En général, le combat est fluide, puissant grâce aux nombreuses options d’armes, de magie et d’attaques spéciales. Cependant, quelques défauts persistent, avec des problèmes de caméra, typiques du genre, qui demeurent agaçants ici aussi. Le balancement n’est pas toujours parfait, surtout pour certains boss qui se révèlent trop agressifs lors des duels, conçus pour être affrontés en duo. Cette situation rappelle des expériences similaires comme celles dans Shadows of the Erdtree, bien que, globalement, nous n’ayons jamais rencontré de pics de difficulté trop élevés.

Conclusions

Version testée PlayStation 5

Si le premier Code Vein n’a pas été un titre marquant dans le paysage des soulslikes, il avait tout de même ses atouts. La déception est d’autant plus grande en constatant que cette suite n’évolue pas la formule originale et, dans certains aspects, semble même la dégrader. Le système de combat demeure solide et le système de progression, au contenu riche et complexe, permet une liberté appréciable dans la création de builds, bien que la complexité puisse parfois devenir excessive et peu nécessaire. La narration, moins cryptique que d’habitude, est agréable sans être inoubliable. Cependant, là où le jeu échoue véritablement, c’est dans la construction de son monde et son aspect technique. La tentative de créer une structure open world inspirée d’Elden Ring, sans un budget adéquat, mène à un environnement peu stimulant et nuit également à la direction artistique, qui s’avère moins inspirée que dans le premier opus. En résumé, Code Vein II repose sur de bonnes bases, mais celles-ci ne suffisent plus aujourd’hui. Dans un paysage compétitif, nous attendions une véritable évolution.

POUR

  • Système de progression riche et varié
  • Combat fonctionnel et diversifié

CONTRE

  • Aspects techniques largement en retrait
  • Manque d’accessibilité pour les néophytes
  • Direction artistique peu inspirante
  • Exploration parfois monotone

Points à retenir

  • L’univers de Code Vein II s’épanouit dans un monde ouvert, malgré des graphismes en retrait.
  • La personnalisation du personnage est élaborée, mais la complexité pourrait rebuter les nouveaux joueurs.
  • Le système de combat présente des variations intéressantes grâce aux compagnons.
  • La narration, bien que moins cryptique, ne laisse pas de marques profondes.
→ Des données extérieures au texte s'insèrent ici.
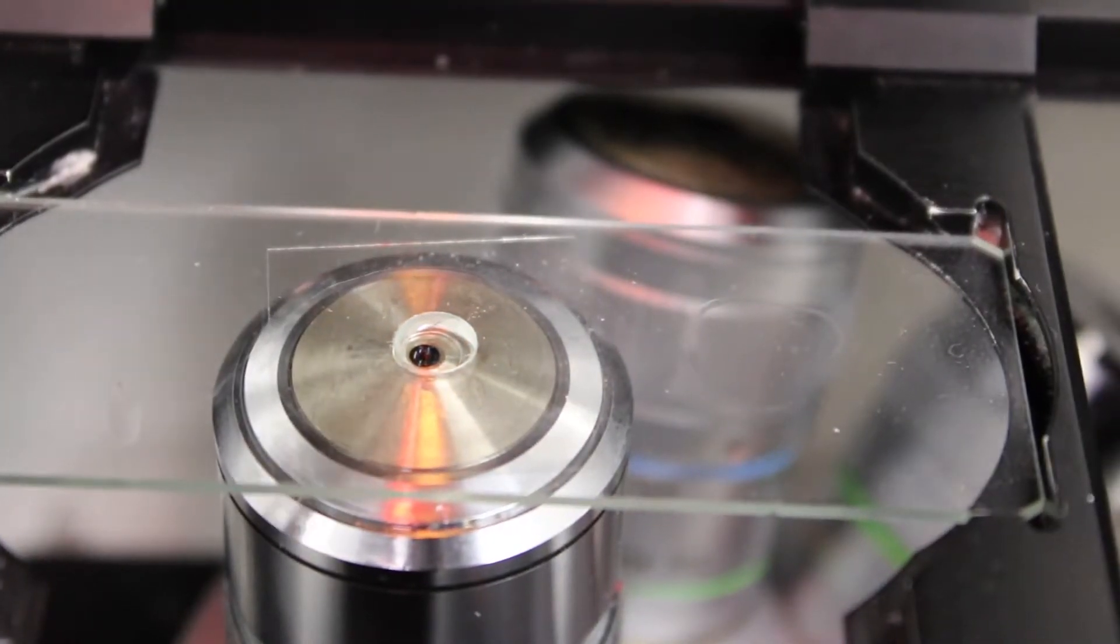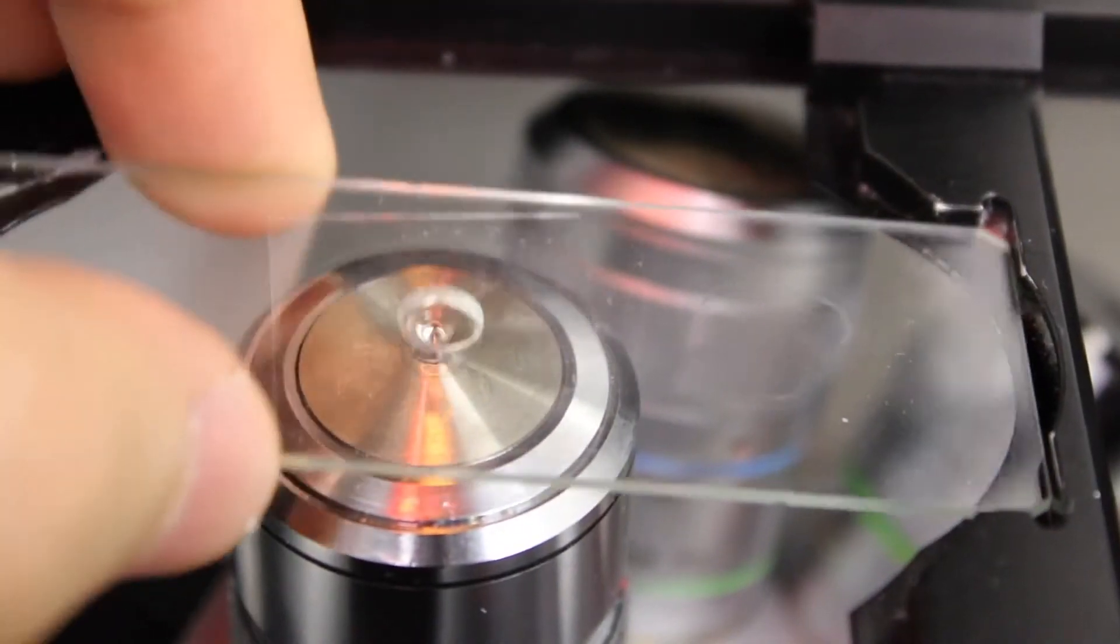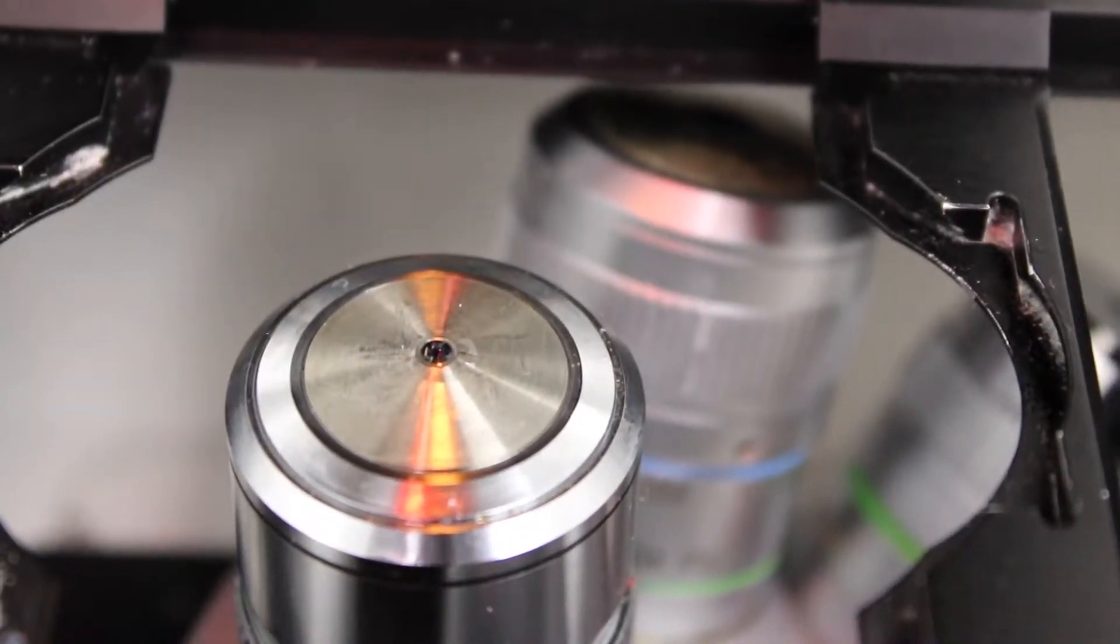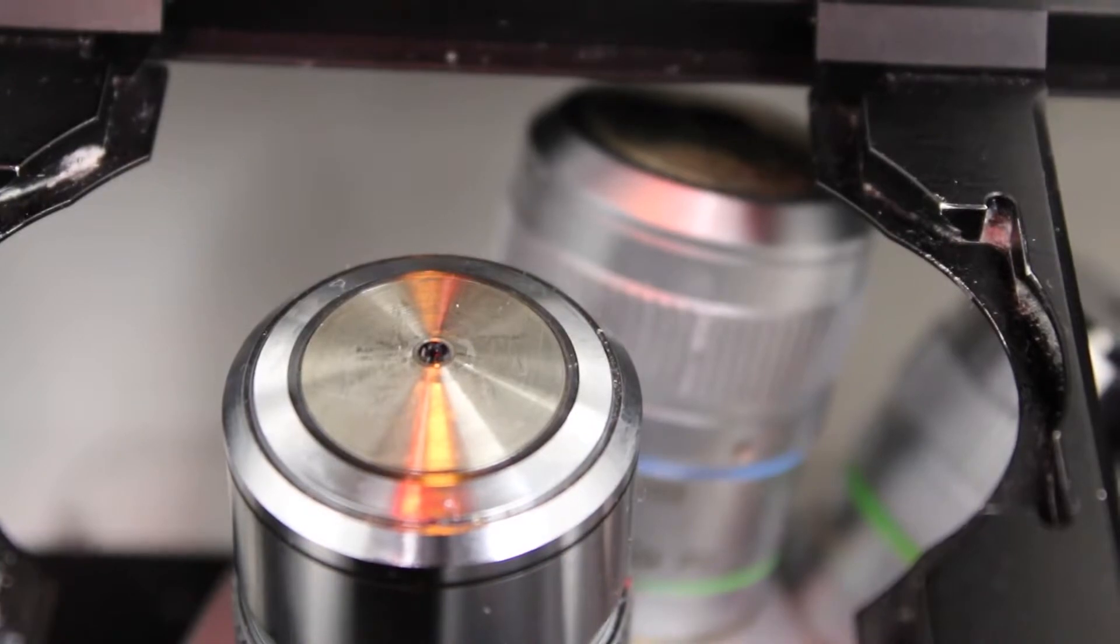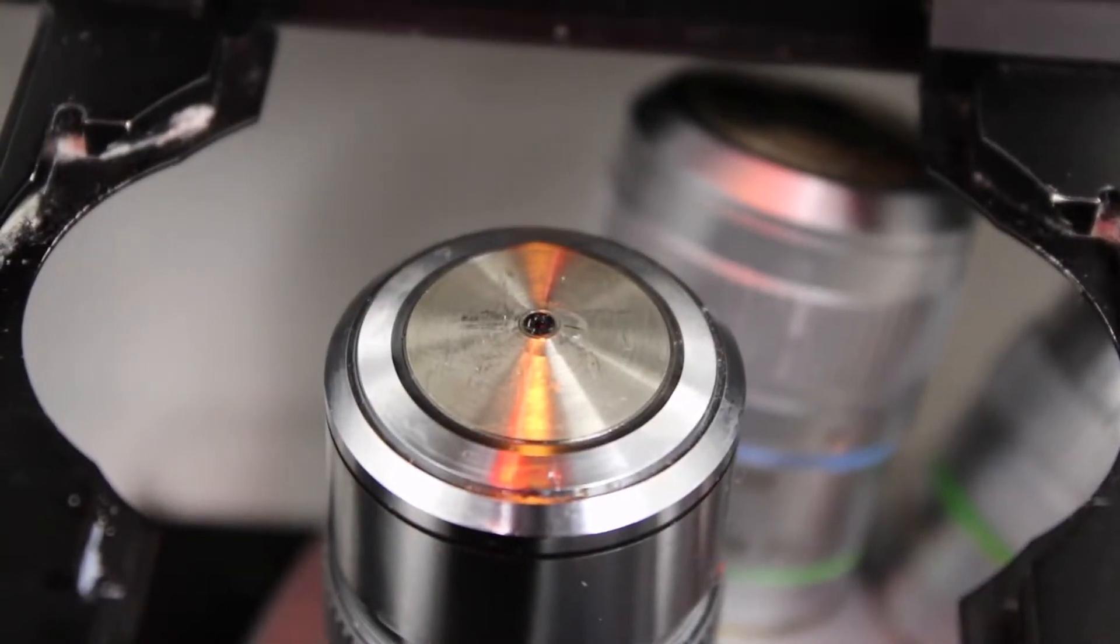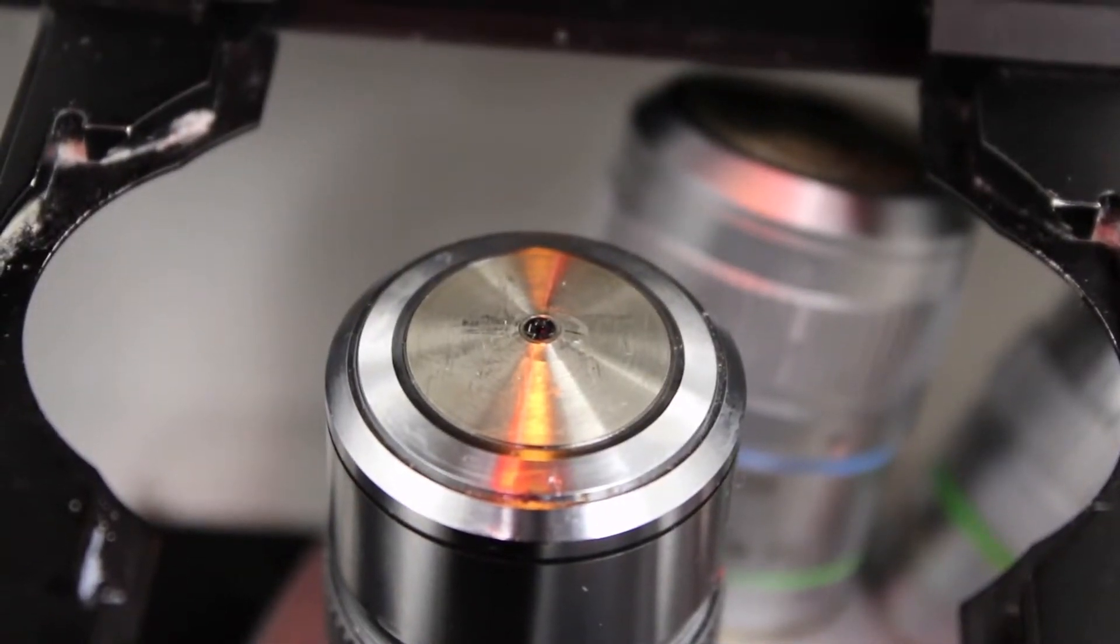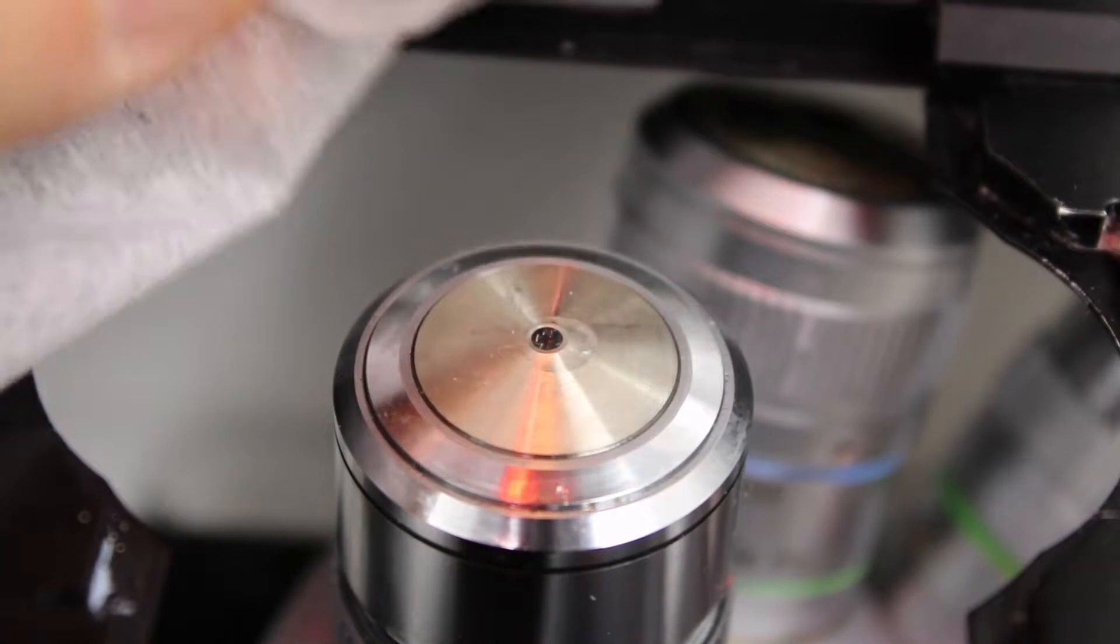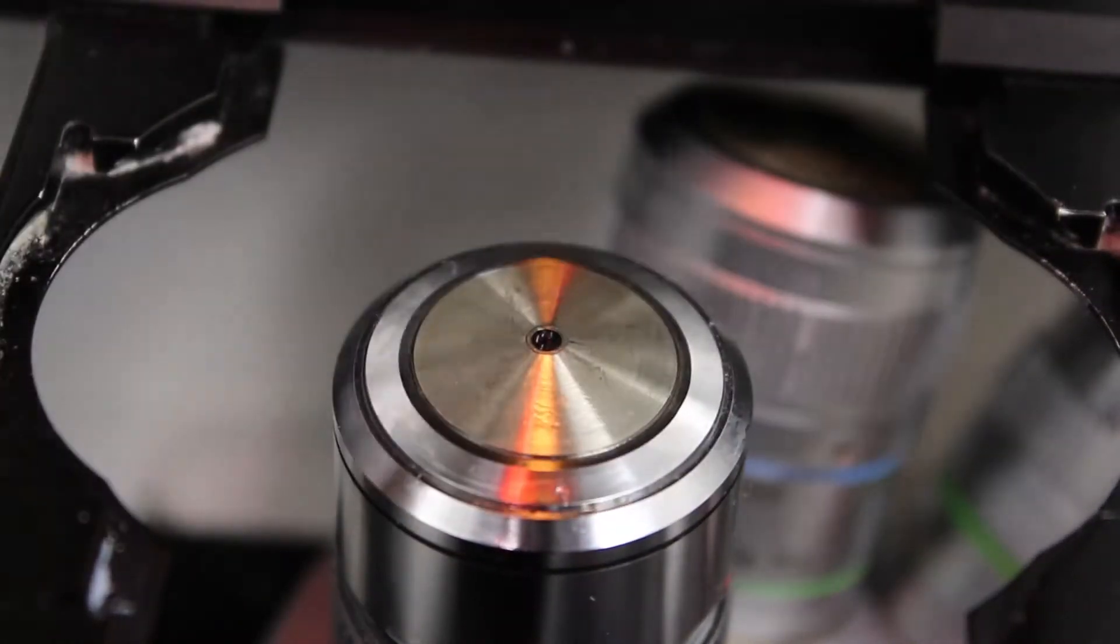When you're done using the immersion objective, you should again remove the sample, and then you should clean the objective. We're using lens cleaning tissues, so you take one, and then you just wipe, like this, the oil off, like two or three times, to make sure that all the oil has been removed.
Pour conclure, même si Code Vein II conserve des éléments plaisants, il semble insuffisant face à une concurrence croissante. J’aimerais débattre de l’évolution nécessaire des studios pour proposer des expériences plus engageantes et captivantes. Sommes-nous prêts à accepter des changements audacieux dans le genre, ou reste-t-on attaché à des formules établies ?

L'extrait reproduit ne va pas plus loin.